22/03/2007, Jueves de la 4ª semana de Cuaresma.
Éxodo 32, 7-14, Sal 105, 19-20. 21-22. 23 , san Juan 5, 31-47

Me he acordado de Clint Eastwood… «En la línea de fuego». Su lealtad como escolta le lleva a parar con su cuerpo la bala dirigida al Presidente. Lo he recordado al contemplar la intercesión de Moisés. Cuando los hebreos se postran ante un ídolo, Dios se dispone a aniquilarlos. Con más estilo que Eastwood, y jugándose mucho más, Moisés se interpone entre Dios y los israelitas: «Aleja el incendio de tu ira, arrepiéntete de la amenaza contra tu pueblo»… En su insistencia, dirá: «con todo si te dignas perdonar su pecado… Y si no, bórrame del libro que has escrito» (Ex 32, 32). Es un maravilloso chantaje con el que Moisés salva a su pueblo, según el plan del propio Dios, que dotó a su siervo con el amor que frenara su ira. Moisés no podía presentar un recurso, alegando méritos que borraran las culpas. Por eso se la juega, y lo confía todo a una baza: sabiendo que Dios le ama, y que será incapaz de perderle, se interpone y desafía al «Amigo»: «Si acabas con ellos, acaba también conmigo, si te atreves»… Y Dios, que en secreto sonreía, se rindió al chantaje. Moisés paró algo más que una bala. Lo que Moisés tenía, lo que tenía de verdad… preguntádselo a F. Trillo. Pero la justicia debía cumplirse, y el pago tan solo se aplazó.

Ya he dicho en otra ocasión que, si Dios me condenara, tendría que aceptar la sentencia enrojecido y bajar al Infierno por mi propio pie.
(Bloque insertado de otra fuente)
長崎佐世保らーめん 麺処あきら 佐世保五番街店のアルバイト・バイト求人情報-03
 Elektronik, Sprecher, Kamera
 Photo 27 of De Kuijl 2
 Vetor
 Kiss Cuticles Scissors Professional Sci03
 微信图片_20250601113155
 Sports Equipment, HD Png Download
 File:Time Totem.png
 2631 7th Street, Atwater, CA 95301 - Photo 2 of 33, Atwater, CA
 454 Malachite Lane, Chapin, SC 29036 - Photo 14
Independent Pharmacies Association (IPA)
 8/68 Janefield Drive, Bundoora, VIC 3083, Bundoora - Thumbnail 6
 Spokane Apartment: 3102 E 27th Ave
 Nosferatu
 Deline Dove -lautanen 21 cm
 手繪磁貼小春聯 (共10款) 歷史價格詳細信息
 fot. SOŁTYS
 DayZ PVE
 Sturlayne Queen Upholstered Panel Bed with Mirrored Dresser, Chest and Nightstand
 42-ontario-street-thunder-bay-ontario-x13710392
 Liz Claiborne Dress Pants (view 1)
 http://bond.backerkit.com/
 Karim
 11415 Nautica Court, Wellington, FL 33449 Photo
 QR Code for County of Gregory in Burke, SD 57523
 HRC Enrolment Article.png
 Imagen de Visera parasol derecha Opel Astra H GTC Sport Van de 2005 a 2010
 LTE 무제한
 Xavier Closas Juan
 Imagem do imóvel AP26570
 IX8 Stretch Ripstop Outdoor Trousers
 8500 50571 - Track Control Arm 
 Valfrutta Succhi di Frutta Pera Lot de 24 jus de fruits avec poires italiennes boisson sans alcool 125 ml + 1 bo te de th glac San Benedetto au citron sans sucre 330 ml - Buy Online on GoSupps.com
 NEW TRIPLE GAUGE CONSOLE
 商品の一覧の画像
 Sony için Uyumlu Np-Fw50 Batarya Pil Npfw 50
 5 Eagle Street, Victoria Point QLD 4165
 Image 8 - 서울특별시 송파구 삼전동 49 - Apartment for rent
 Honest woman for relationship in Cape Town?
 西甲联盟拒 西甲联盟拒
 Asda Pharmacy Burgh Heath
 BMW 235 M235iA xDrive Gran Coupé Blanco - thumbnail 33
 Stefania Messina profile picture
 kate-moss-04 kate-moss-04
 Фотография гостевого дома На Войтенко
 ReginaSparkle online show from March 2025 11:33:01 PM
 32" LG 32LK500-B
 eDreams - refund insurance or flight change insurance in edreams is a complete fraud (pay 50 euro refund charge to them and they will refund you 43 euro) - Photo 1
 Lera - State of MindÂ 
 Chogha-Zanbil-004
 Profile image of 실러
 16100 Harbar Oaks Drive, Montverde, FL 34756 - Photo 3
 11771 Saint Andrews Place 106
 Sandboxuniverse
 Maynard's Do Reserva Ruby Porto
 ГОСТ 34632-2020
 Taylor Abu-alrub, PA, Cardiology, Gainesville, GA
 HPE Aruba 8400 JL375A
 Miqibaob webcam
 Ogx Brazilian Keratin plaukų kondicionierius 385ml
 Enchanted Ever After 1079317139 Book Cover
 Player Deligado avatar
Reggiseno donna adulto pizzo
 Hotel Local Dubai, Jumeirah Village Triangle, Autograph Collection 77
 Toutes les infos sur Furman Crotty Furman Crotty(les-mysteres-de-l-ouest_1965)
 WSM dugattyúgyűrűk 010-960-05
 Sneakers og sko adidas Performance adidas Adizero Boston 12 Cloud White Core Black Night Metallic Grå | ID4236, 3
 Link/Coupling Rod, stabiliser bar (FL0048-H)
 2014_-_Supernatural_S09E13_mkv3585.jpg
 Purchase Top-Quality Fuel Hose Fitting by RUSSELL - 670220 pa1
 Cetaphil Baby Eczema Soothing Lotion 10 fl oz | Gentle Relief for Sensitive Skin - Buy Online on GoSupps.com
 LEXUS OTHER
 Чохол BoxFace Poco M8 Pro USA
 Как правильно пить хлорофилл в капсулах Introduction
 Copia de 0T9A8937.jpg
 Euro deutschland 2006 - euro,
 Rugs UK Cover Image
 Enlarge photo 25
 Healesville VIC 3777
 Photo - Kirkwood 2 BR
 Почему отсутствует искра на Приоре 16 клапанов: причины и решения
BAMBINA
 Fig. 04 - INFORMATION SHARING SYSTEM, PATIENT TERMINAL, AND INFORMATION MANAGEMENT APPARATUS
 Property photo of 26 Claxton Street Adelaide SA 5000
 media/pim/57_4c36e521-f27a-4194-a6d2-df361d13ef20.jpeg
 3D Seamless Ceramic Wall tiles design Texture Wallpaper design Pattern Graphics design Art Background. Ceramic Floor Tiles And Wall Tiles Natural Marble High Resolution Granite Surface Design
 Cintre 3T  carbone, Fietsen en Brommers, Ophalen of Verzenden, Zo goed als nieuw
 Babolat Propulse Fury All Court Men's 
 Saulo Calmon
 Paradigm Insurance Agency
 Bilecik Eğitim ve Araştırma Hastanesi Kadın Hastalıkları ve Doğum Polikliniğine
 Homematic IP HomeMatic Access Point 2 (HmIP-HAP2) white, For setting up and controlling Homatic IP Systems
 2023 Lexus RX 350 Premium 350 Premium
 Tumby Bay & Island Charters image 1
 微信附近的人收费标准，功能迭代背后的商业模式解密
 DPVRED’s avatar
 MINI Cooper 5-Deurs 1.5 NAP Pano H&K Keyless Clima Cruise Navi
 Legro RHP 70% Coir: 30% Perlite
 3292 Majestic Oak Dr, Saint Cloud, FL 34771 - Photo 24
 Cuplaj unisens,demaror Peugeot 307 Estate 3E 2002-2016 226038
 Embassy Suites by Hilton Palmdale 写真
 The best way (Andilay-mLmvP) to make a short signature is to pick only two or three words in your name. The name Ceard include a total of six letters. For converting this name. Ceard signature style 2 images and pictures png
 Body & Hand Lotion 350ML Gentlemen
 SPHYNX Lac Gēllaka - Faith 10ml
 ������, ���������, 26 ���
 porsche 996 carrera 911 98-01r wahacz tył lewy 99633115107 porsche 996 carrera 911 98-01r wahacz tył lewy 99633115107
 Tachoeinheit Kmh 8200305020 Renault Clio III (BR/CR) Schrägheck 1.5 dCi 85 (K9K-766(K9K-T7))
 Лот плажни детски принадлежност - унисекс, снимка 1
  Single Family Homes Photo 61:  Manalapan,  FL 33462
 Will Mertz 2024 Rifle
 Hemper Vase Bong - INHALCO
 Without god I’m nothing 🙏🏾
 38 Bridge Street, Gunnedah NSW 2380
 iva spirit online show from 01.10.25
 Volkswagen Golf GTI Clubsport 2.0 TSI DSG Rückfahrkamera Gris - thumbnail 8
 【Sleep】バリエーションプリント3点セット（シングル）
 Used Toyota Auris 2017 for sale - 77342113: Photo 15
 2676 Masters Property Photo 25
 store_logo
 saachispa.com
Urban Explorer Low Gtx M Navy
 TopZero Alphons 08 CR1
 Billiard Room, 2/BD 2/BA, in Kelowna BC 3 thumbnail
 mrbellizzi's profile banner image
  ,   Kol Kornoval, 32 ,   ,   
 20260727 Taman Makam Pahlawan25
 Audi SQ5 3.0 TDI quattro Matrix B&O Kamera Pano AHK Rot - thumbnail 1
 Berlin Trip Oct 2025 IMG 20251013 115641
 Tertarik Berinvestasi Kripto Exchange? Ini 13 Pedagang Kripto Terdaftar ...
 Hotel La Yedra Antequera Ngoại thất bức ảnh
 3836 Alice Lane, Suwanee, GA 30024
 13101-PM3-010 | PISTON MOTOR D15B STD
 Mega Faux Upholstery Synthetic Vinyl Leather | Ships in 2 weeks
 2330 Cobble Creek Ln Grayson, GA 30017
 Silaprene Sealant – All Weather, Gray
Cuando pequé, sabía que pecaba, y las consecuencias las conocía. Me cansa ese estúpido discurso sobre si somos unos pobrecillos, unas víctimas, y unos huerfanitos errados que no tenemos culpa de nada. Allá cada cual; de mí sé decir que soy culpable, y lo digo con enorme tristeza pero con igual convencimiento. Y seré un necio si confío mi salvación a mis méritos.

Aunque entregara mil vidas, jamás repararía uno solo de mis pecados. Más necio seré si me busco un Eastwood que me pare una bala, porque la vida temporal la voy a perder, y no tengo por qué llevarme a nadie por delante. Pero, si miro a Moisés, mis ojos encuentran el Calvario. Ya no es el «amigo», sino el Hijo quien, incomprensiblemente enamorado de este pecador, se interpone entre la ira de Dios y yo, y lanza su divino reto: «Padre, si éste se pierde, me pierdo yo con él»… Es como para estremecerse. Porque la deuda que estaba pendiente desde Moisés, comenzó, al fin, a saldarse. La ira de Dios se descargó, y toda ella fue a parar al Cuerpo y al Corazón de su Hijo, quien «soportó el castigo que nos trae la paz» (Is 53, 5). Y fueron aquel Cuerpo destrozado y aquel Corazón abierto en canal la ofrenda que reparara mis pecados… Y se hizo justicia, y manó misericordia y perdón en abundancia infinita. Y lloró María, y fue otra vez Madre, pero madre mía. Es una locura, un disparate, una maravilla. ¡Corre, que tenemos mucha suerte! Mira que si, llegando al Calvario, no cogemos la mano de Jesús subiendo con Él al Madero, de nada nos servirá su entrega, y el propio Moisés será nuestro fiscal. Pero, peor aún… seremos unos ingratos con quien tanto nos ha amado. Ni Eastwood, ni Moisés… ¡Cristo!